Dies sei kein Beweisantrag, sondern allenfalls ein Beweisermittlungsantrag, entgegnete ich. Soweit der so zu interpretieren sei, dass unter Beweis gestellt werden solle, dass in der Firma keine Mitarbeiterin beschäftigt sei, die meiner Mandantin ähnlich sehe, handele es sich außerdem um eine Negativtatsache, die einem Beweisantrag nicht zugänglich sei. (Normalerweise wird diese Argumentation ja immer wieder mal uns Verteidigern um die Ohren geschlagen.) Und außerdem, wer sage denn, denn außer der Angeklagten nur Mitarbeiterinnen aus der Firma des Vaters als Fahrerinnen in Betracht kämen. Vielleicht hätte der Vater ja eine Art umgekehrten Ödipuskomplex und nähme sich grundsätzlich nur junge Frauen als Geliebte, die seiner Tochter ähnlich  sehen. Und die dürften dann halt  auch mit dem Mini Cooper fahren.

Dazu könne der Vater ja als Zeuge gehört werden, meinte der Staatsanwalt. Ich verwies auf dessen Zeugnisverweigerungsrecht. Ich hätte mit dem Vater schon geklärt, dass dieser auf keinen Fall eine Aussage machen werden (was auch zutraf, ich hatte das vorbesprochen).

Jetzt wurde der Richter ungnädig. „Ich beende die Diskussion“, meinte er, „dem Beweisantrag der Staatsanwaltschaft wird stattgegeben. Die Verhandlung wird auf unbestimmt Zeit vertagt“. Ich protestierte: „Herr Vorsitzender, Sie wissen doch ganz genau, dass Sie meine Mandantin unabhängig von jeder weiteren Beweisaufnahme niemals revisionssicher veruteilen können, was soll das also?“

„Herr Verteidiger“, entgegnete der Graubärtige, „merken Sie sich mal Eines: Man hat mir ja  schon Vieles nachgesagt, aber fragen Sie ruhig mal in diesem Gericht rum, sie werden niemanden finden, der behauptet, ich könne revisionssichere Urteile schreiben. Dazu bin ich gar nicht in der Lage! Die Sitzung ist geschlossen!“ Peng, das saß. Bevor ich noch weitere Überlegungen anstellen konnte, zeigte der Vorsitzende mit dem Finger auf mich und meinte: „Alle räumen den Saal, aber Sie bleiben hier!“ Das duldete keinen Widerspruch.

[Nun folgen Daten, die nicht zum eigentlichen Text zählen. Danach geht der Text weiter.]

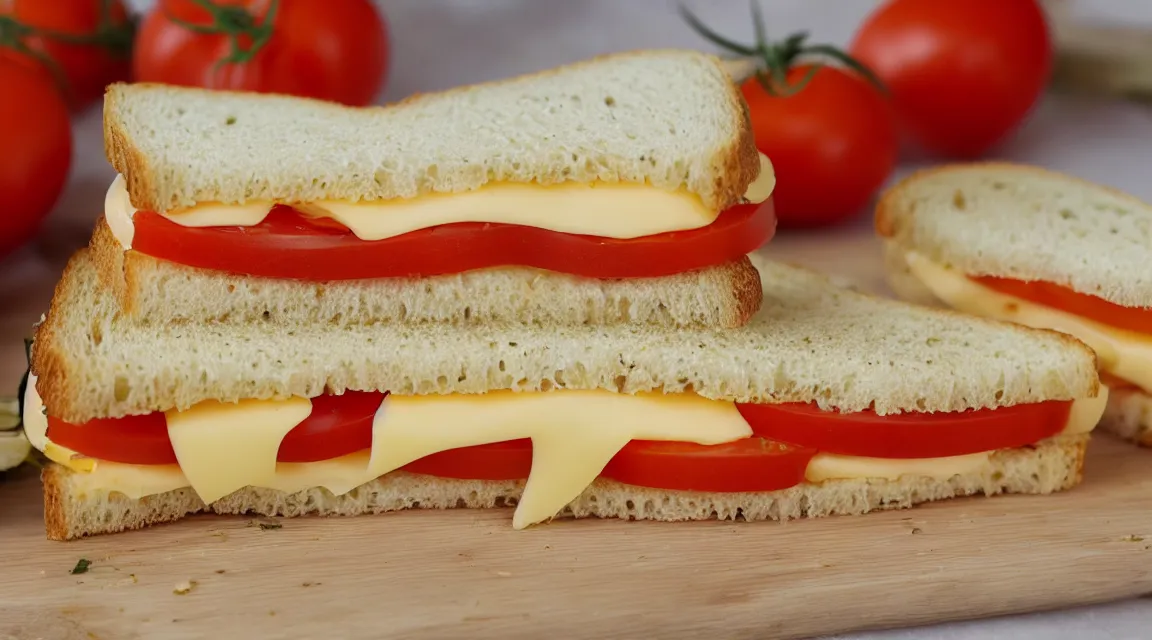 Image similar to a cheese and tomato sandwich.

„Wissen Sie was, Herr Verteidiger“, meinte der Richter, nachdem Zeugen, Zuschauer und auch meine Mandantin den Saal verlassen hatten, „Sie sehen aus, wie d´Artagnan, nur ein wenig älter!“ Bevor ich  mich geschmeichelt fühlen konnte, setzte er hinzu: „Sie haben ja völlig Recht mit dem, was Sie sagen. Aber unter uns gesagt, was das Mädchen da gemacht, war eine große Schweinerei. Da hätte Gott weiß was passieren können. Und drum soll die jetzt ruhig noch ein paar Wochen schwitzen, bevor es zum Freispruch kommt!“

In meinem Kopf ratterten  Begriffe wie „richterliche Willkür“, „Unschuldsvermutung“, „unnötige Kosten für den Steuerzahler“, „Rechtsstaatswidrigkeit“ und anderes durcheinander. Aber irgendwie konnte ich den Mann verstehen. Meine ohnehin gebremste Empörung wurde noch dadurch abgemildert, dass der nicht unvermögende Papa jetzt auch Wahlverteidigerhonorar für einen weiteren Verhandlungstag an mich  zahlen würde. Ich nehme für mich in Anspruch, niemals auf Kosten meiner Mandantschaft Verhandlungstage zu schinden. Aber ich konnte ja wirklich nichts dafür.